1921-2021. Centenario della nascita

Un progetto articolato e in costante divenire, volto a preservare le opere e la memoria di Giulio Ruffini, uno dei più grandi artisti romagnoli, nella ricorrenza del centenario della sua nascita.

Ideato e promosso dall’Associazione Percorsi di Mezzano, dall’Accademia di Belle Arti di Ravenna e dalla famiglia dell’artista, ha registrato via via l’adesione e la collaborazione di importanti istituzioni – a cominciare, fattivamente, dal Comune di Ravenna – del mondo imprenditoriale e associativo, di studiosi, collezionisti e appassionati.

Avviato nel 2019 con la ricerca e la raccolta dei dipinti e dei disegni autografi del maestro, con l’individuazione di quei lavori ancora sconosciuti alla critica e attualmente conservati in raccolte d’arte private, il progetto ha portato così alla ricostruzione e al completamento della biografia. E trova concretezza nel corso di quest’anno con l’allestimento di ben cinque mostre – a Bagnacavallo, Bologna, Rimini, Faenza e Ravenna – dove in ciascuna sede saranno approfonditi i diversi periodi della sua straordinaria produzione artistica, con la pubblicazione in cinque distinti volumi di quello che rappresenterà infine il catalogo completo delle opere del maestro.

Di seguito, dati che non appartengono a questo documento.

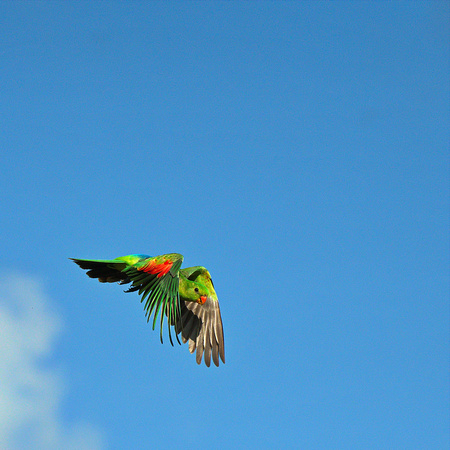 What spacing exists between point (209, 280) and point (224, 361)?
9.49 feet

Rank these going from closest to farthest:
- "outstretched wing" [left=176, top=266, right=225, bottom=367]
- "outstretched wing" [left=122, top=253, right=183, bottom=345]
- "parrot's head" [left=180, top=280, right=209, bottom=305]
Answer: "outstretched wing" [left=122, top=253, right=183, bottom=345] < "parrot's head" [left=180, top=280, right=209, bottom=305] < "outstretched wing" [left=176, top=266, right=225, bottom=367]

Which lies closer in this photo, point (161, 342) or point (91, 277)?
point (161, 342)

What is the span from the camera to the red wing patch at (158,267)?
16734 mm

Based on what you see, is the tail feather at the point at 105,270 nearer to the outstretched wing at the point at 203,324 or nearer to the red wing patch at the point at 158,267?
the red wing patch at the point at 158,267

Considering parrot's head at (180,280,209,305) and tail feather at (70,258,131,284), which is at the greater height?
parrot's head at (180,280,209,305)

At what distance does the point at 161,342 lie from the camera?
1434 cm

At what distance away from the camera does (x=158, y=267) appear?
55.3ft

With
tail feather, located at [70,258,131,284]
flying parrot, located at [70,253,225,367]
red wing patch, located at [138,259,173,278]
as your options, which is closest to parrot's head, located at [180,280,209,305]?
flying parrot, located at [70,253,225,367]

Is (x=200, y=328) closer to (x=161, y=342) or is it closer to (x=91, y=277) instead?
(x=91, y=277)

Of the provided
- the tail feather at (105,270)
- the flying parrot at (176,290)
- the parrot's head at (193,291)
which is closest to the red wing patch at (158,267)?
the flying parrot at (176,290)

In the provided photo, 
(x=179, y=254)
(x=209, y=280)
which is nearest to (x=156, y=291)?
(x=179, y=254)

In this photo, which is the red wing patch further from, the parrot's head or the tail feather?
the parrot's head

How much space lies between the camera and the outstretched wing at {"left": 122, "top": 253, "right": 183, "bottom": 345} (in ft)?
52.1

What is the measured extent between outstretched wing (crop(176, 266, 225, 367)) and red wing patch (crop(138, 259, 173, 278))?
75.8 inches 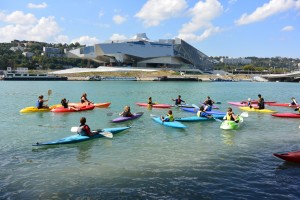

Giulio era nostro socio onorario. Lo era anche se il suo atteggiamento, un po’ schivo e un po’ scontroso allo stesso tempo, lo portava a considerare questa nostra scelta, alla fine da lui accettata, incomprensibile o quantomeno ingiustificata. “Cosa ho fatto o faccio io per voi?” mi ha ripetuto più volte quando andavo a fargli visita per un bisogno, un consiglio, o rispondendo ad un suo invito. Lo trovavo sempre al lavoro perché quello era la sua vita. Ci metteva un po’ a scendere dal suo studio, un tempo scandito dall’interminabile suono del suo campanello. Ricordo sempre la prima volta quando, in attesa del suo arrivo, cercavo disperatamente di sbloccare il pulsante, convinto che si fosse inceppato per colpa mia. Mi riceveva quasi sempre vestito di quel suo grembiule che portava i segni del tempo trascorso nel suo mondo fatto di tempere e oli.  Con gli anni, di cose insieme ne abbiamo fatte diverse. Ma se abbiamo voluto ricordarlo e rendergli omaggio nell’anno del centenario dalla sua nascita, non è per quello che insieme abbiamo fatto, ma per quanto lui ha saputo fare per la nostra comunità in quanto artista. Per quello che ha saputo rappresentare con le sue opere: il suo amore per la nostra terra, la Romagna, per il lavoro, la democrazia e l’antifascismo, l’arte nella sua accezione più completa. Altri, meglio di me, ne caratterizzeranno negli scritti a seguire gli aspetti artistici; a me non  resta che ripetergli, ancora una volta: “Giulio, hai fatto molto per la nostra comunità, e questo è quello che conta”.